I may as well begin my review with what I believe to be the film’s biggest problem by far – Emma Watson. I remember way back when I first heard of her casting as Belle and I was honestly optimistic since Watson was herself born in France, she’s very intelligent and can handle herself in action scenes. But then I started watching all the film trailers and I started getting worried; I believed her to be quite wooden and feared that she wouldn’t fit in at all to this classic film.
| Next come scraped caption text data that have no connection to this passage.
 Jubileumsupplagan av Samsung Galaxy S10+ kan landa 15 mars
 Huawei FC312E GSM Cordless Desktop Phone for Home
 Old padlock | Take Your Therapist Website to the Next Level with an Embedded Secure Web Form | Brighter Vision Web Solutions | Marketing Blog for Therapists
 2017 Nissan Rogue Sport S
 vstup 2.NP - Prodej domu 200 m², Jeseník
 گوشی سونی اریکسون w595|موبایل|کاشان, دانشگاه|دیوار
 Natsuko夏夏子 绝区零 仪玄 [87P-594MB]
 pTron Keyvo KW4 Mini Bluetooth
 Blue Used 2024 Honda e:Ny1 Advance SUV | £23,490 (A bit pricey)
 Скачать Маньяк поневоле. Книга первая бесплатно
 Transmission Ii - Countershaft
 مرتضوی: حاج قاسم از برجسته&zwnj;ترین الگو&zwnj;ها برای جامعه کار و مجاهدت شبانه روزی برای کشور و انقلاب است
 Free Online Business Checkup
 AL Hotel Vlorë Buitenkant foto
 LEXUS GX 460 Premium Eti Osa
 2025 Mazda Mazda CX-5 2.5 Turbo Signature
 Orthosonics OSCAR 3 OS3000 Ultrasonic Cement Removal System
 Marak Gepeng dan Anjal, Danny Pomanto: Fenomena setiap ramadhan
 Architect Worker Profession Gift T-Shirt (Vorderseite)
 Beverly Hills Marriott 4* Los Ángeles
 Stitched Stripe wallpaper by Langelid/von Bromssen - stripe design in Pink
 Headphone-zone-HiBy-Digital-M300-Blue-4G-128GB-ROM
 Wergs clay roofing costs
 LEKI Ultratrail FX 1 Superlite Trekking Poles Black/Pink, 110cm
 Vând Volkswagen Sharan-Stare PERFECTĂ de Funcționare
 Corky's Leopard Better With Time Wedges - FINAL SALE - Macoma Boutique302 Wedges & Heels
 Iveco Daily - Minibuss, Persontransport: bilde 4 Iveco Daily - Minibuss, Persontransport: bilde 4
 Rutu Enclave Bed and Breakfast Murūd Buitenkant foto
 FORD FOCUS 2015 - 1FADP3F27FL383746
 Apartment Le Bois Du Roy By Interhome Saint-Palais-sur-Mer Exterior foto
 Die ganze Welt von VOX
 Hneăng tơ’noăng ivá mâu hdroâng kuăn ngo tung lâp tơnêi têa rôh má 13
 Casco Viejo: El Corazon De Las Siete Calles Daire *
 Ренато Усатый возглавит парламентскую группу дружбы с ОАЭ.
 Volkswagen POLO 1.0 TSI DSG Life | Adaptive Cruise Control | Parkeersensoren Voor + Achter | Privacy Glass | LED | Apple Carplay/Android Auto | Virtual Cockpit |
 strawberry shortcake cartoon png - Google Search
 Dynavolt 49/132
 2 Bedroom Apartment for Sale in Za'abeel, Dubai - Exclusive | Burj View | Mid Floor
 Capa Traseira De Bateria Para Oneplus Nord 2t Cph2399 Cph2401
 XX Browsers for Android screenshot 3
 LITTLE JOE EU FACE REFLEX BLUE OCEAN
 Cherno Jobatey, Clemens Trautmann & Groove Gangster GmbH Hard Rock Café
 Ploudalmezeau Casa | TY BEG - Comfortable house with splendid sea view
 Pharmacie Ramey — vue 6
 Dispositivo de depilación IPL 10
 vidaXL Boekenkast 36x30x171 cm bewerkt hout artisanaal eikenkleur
Maybe I went into Beauty and the Beast with a hint of prejudice but overall, she is the film’s weakest link and threatens to derail the whole affair.
She essentially scowls and grimaces her way through the film’s opening scenes, occasionally forcing an unrealistic smile when required to do so. The opening scenes also prove that she fares the worst when it comes to the singing; she’s alright and she gives it all she’s got, God bless her, but she does oddly transition between English and American accents and is a little off-putting when singing. To her credit, she becomes more bearable and genuine in the middle of the film when she gets to loosen up and have a bit of camaraderie with Dan Stevens but ultimately, she doesn’t do Belle any justice as she doesn’t have her passion for reading/adventure, warmth, sweetness, determination, courage or genuine, caring nature. Honestly, I was disappointed every time she came back on screen!
In this film, Emma Watson plays Emma Watson. She ain’t Belle, no sir.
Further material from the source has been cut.